WHAT THE TASK REQUIRES> Output every line below exactly, please, omitting pictures.
[[ DATA FOR THE TASK open ]]
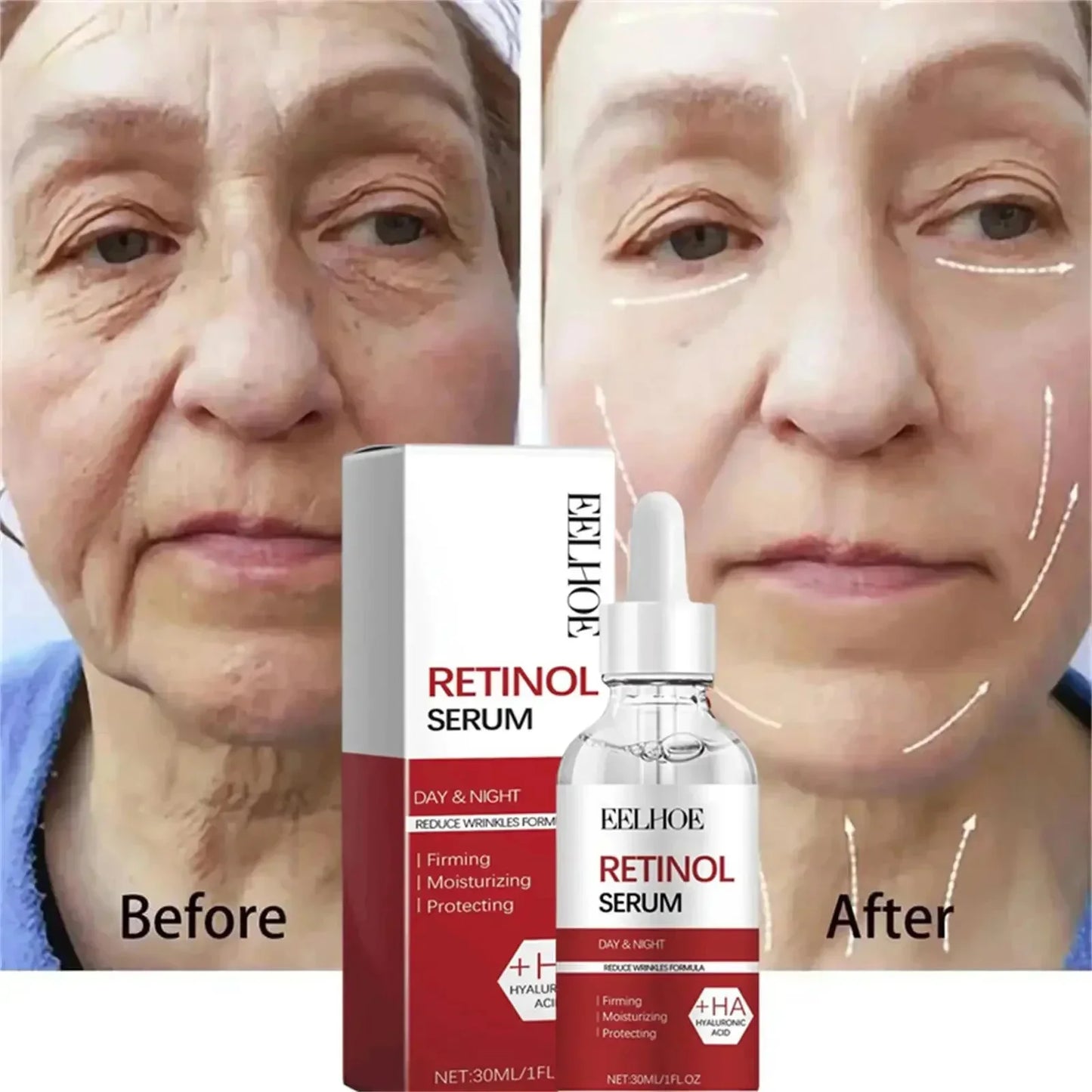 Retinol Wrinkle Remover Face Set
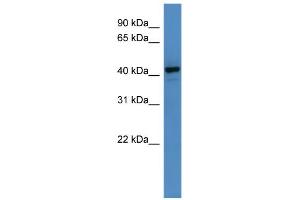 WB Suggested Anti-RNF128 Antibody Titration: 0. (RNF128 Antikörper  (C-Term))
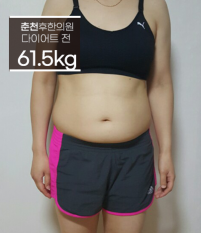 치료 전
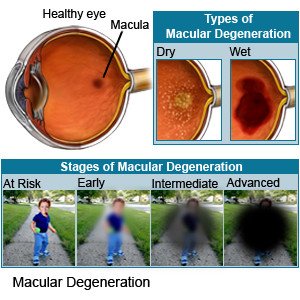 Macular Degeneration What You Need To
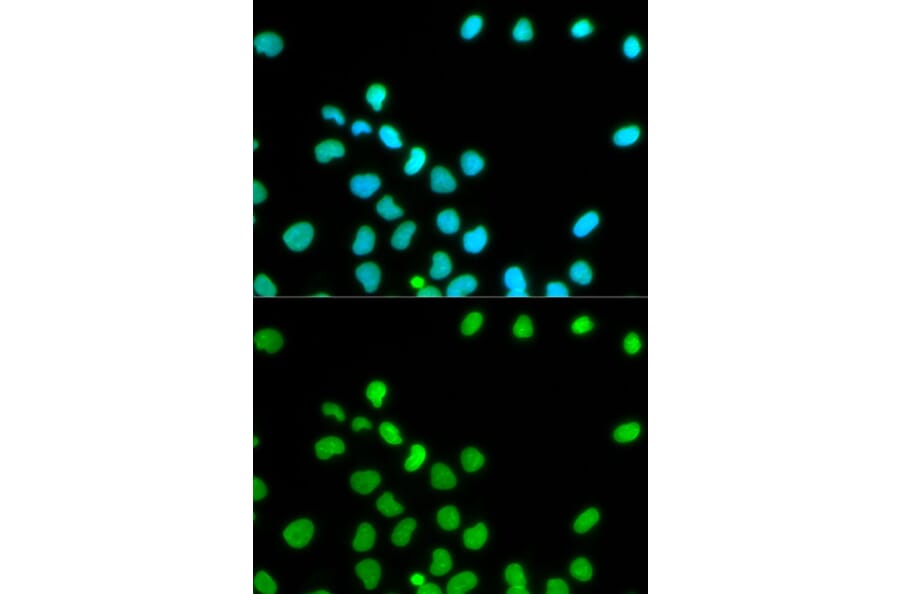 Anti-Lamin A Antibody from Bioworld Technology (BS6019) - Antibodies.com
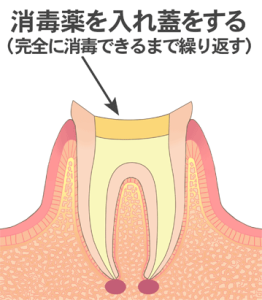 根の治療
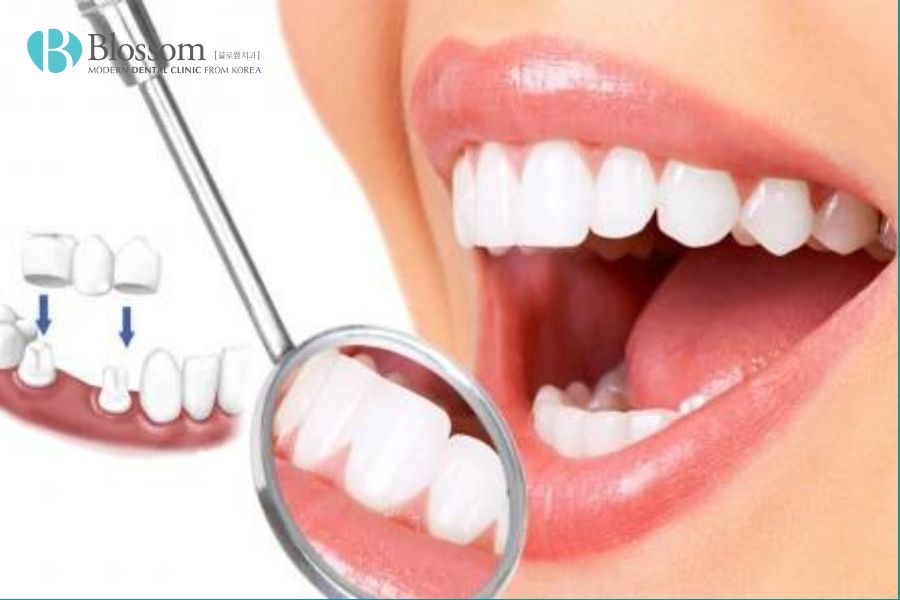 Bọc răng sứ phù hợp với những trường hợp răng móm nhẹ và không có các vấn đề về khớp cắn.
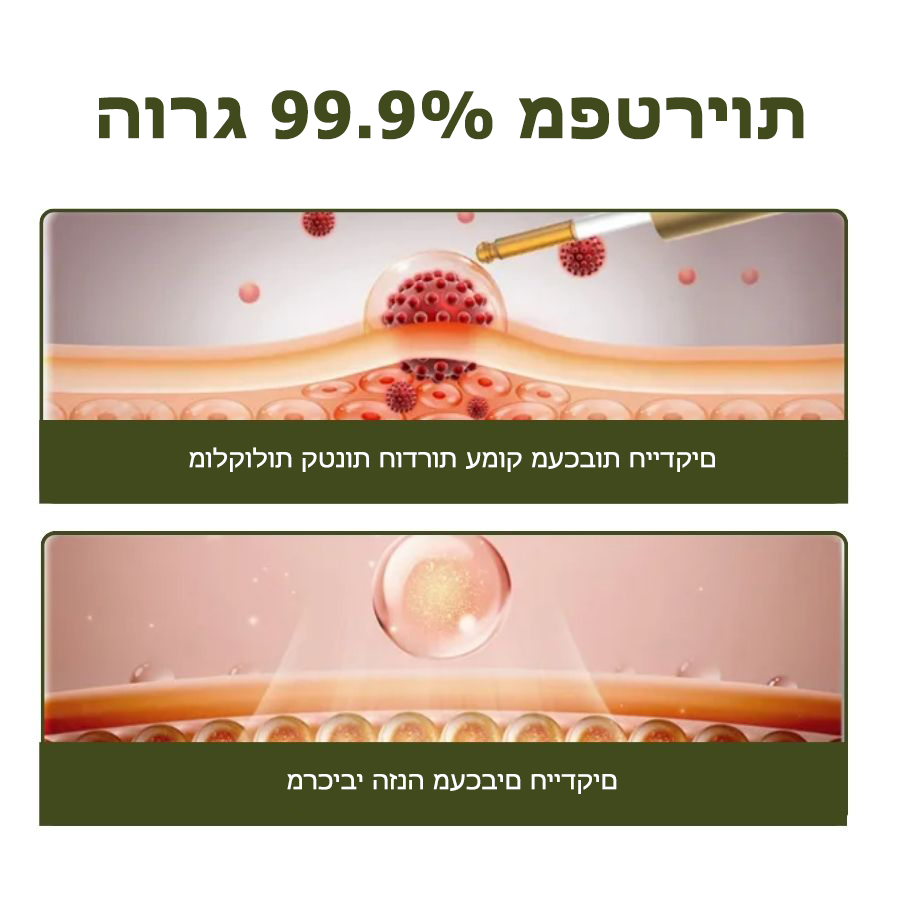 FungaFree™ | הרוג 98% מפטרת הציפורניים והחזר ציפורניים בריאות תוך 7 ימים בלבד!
[[ DATA FOR THE TASK closed ]]
SOLUTION TO THIS PROBLEM>
 Retinol Wrinkle Remover Face Set
 WB Suggested Anti-RNF128 Antibody Titration: 0. (RNF128 Antikörper  (C-Term))
 치료 전
 Macular Degeneration What You Need To
 Anti-Lamin A Antibody from Bioworld Technology (BS6019) - Antibodies.com
 根の治療
 Bọc răng sứ phù hợp với những trường hợp răng móm nhẹ và không có các vấn đề về khớp cắn.
 FungaFree™ | הרוג 98% מפטרת הציפורניים והחזר ציפורניים בריאות תוך 7 ימים בלבד!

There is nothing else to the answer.